A developer has appealed a decision to deny a proposed 48-unit apartment complex in Miles Crossing to the Clatsop County Board of Commissioners.
Richard Krueger filed the appeal with the county, claiming the Clatsop County Planning Commission’s denial in July was based on a formality and not on actual requirements.
The Board of Commissioners unanimously agreed Wednesday to hear the appeal and take a fresh look at the proposal. Supporters of the Bella Ridge Apartments see the project as a much-needed source of affordable and workforce housing.
A hearing is scheduled Sept. 14 during the board’s next regular meeting .
In his appeal, Krueger asked county commissioners to only review the sole issue of contention, which was a question about sewer capacity in the region.
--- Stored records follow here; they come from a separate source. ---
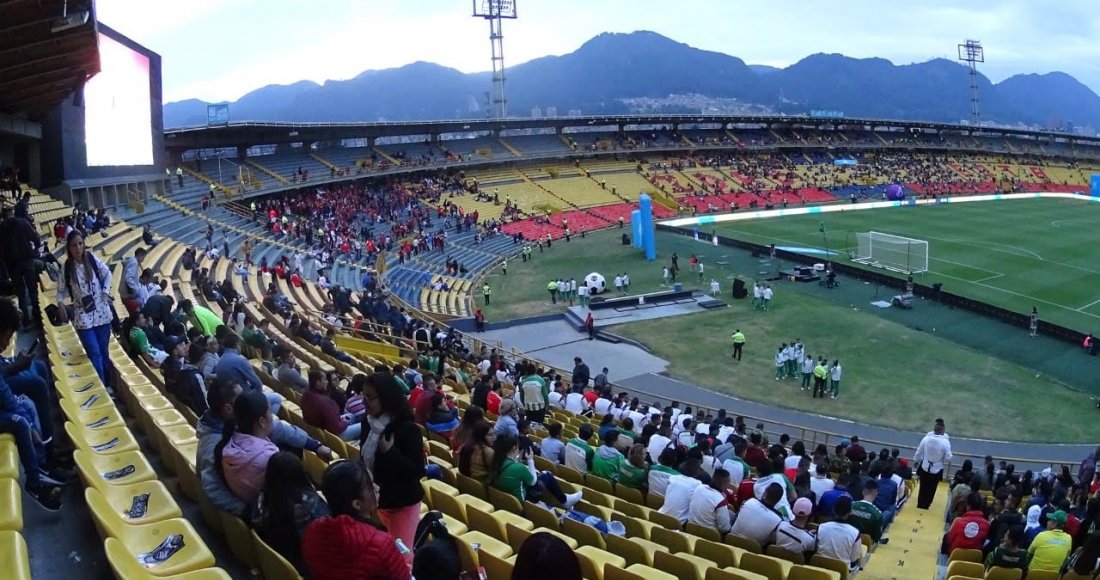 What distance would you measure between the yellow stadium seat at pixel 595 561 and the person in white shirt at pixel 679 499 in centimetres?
177

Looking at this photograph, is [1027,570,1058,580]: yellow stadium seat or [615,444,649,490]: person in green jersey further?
[615,444,649,490]: person in green jersey

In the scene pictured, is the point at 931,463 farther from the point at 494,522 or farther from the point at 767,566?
the point at 494,522

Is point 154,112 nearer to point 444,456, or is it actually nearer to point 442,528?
point 444,456

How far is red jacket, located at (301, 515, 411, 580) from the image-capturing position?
3.68m

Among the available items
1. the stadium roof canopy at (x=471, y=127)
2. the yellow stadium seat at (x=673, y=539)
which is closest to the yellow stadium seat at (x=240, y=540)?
the yellow stadium seat at (x=673, y=539)

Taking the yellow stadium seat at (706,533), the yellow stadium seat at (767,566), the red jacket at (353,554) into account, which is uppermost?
the red jacket at (353,554)

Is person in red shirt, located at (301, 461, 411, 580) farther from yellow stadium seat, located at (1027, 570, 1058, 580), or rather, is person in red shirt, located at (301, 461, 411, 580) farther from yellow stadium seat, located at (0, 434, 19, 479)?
yellow stadium seat, located at (1027, 570, 1058, 580)

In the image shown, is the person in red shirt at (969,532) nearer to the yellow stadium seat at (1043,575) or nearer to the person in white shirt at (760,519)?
the yellow stadium seat at (1043,575)

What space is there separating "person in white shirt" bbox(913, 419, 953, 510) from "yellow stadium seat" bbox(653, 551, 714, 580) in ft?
25.2

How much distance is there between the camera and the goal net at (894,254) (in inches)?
1464

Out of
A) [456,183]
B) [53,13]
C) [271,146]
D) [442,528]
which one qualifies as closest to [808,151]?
[456,183]

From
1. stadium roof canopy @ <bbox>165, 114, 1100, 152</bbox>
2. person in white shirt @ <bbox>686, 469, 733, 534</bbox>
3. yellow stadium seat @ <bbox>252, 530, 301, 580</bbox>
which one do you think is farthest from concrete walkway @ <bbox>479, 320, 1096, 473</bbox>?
stadium roof canopy @ <bbox>165, 114, 1100, 152</bbox>

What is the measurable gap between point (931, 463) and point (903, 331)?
15.6m

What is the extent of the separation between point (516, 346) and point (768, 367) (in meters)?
7.98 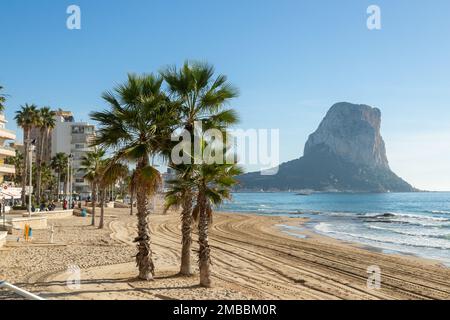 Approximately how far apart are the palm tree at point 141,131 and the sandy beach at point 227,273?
6.80 ft

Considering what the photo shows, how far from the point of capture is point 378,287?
17.5 meters

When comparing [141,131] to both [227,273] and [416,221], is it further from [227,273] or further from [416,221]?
[416,221]

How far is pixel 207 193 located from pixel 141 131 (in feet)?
9.56

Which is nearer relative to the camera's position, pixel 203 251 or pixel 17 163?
pixel 203 251

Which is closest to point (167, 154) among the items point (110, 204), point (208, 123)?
point (208, 123)

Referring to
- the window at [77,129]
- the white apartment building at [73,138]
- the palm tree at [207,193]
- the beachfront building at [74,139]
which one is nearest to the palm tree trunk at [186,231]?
the palm tree at [207,193]

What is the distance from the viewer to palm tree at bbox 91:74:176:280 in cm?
1415

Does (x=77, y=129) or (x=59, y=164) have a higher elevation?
(x=77, y=129)

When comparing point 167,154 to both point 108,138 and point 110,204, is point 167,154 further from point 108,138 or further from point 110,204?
point 110,204

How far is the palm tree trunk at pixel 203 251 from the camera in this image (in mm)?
14078

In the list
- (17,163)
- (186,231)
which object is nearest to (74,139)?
(17,163)

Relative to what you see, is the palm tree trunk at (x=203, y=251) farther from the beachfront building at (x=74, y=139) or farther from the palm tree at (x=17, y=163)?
the beachfront building at (x=74, y=139)

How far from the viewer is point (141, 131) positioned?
47.2ft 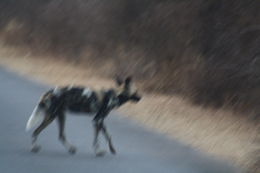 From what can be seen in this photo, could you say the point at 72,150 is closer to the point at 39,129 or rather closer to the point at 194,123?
the point at 39,129

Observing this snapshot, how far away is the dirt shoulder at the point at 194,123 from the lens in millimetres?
10727

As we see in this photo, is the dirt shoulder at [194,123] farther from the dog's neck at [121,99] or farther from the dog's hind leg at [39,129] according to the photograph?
the dog's hind leg at [39,129]

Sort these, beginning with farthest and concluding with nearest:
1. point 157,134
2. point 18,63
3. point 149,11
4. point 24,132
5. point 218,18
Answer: point 18,63 → point 149,11 → point 218,18 → point 157,134 → point 24,132

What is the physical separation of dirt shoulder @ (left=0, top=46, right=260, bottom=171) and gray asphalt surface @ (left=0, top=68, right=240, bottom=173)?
349mm

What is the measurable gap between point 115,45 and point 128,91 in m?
12.9

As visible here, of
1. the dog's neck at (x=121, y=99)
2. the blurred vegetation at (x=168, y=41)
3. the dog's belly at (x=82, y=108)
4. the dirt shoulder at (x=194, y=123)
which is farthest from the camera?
the blurred vegetation at (x=168, y=41)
Krueger wants to build the Bella Ridge Apartments on 10.4 acres between Lewis and Clark Elementary School and the Lewis and Clark Golf & RV Resort.
County staff, however, recommended the board revisit the entire project.
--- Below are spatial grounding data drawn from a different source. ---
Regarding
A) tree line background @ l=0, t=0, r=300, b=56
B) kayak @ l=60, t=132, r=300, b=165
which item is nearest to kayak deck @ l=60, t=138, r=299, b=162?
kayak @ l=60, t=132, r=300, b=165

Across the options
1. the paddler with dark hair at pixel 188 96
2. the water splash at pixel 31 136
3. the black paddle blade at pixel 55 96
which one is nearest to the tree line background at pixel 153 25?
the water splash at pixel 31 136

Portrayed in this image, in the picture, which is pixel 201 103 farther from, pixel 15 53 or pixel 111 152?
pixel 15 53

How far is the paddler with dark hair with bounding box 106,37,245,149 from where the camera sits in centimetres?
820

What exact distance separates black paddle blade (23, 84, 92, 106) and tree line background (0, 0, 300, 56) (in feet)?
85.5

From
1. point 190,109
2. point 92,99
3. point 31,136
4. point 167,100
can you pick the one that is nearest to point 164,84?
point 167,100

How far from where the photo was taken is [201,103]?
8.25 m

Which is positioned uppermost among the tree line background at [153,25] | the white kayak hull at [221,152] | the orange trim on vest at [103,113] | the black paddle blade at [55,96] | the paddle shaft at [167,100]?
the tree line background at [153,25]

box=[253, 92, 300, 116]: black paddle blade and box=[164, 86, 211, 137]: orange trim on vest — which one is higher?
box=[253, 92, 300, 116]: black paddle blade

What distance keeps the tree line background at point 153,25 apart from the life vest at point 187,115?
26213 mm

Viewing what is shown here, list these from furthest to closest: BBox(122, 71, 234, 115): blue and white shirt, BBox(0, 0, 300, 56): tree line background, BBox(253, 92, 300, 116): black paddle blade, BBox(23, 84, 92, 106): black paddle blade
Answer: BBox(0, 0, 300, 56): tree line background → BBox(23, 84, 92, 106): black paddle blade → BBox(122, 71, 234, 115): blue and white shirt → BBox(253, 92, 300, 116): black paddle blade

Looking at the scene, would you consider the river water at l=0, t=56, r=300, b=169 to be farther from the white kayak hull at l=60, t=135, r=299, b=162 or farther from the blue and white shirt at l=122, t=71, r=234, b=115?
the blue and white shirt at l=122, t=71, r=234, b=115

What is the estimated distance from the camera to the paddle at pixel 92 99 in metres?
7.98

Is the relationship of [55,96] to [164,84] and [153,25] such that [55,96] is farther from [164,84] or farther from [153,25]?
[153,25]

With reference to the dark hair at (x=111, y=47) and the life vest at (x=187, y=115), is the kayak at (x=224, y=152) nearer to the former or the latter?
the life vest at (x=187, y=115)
Commissioners agreed to hear all the evidence, and not limit what can be discussed during public comment.
“I think it’s important that we allow the public to say what they want to say,” Commissioner Sarah Nebeker said.
Neighbors against the project have been outspoken with concerns ranging from traffic impacts to whether the area has enough water and sewer capacity long term for the development.
A condition of approval was for Krueger to show proof of adequate water and sewer connections.
The Planning Commission acknowledged the property has access to water and sewer but still denied the project based on a letter from the Miles Crossing Sanitary Sewer District Board retracting their approval. The sewer board sent a previous letter of support, but it was sent without following formal procedure.
Denying a project based on a sewer board’s mistake does not follow the law, David Noren, Krueger’s lawyer, said.
“The test is not whether a specific project has received ‘approval’ or has a contract to receive services,” Noren wrote in the appeal. “The test, for purposes of a zone change, is whether there are public facilities appropriate to the zone.”
Krueger and his lawyer are expected to present evidence showing water and sewer capacity is available.
Krueger lowered the proposed development from 168 units to 48 units to accommodate concerns. The location is the site of a proposed 36-lot subdivision for single-family homes approved last year by the Planning Commission. Krueger wants to rezone the property for multifamily use, which the Planning Commission denied.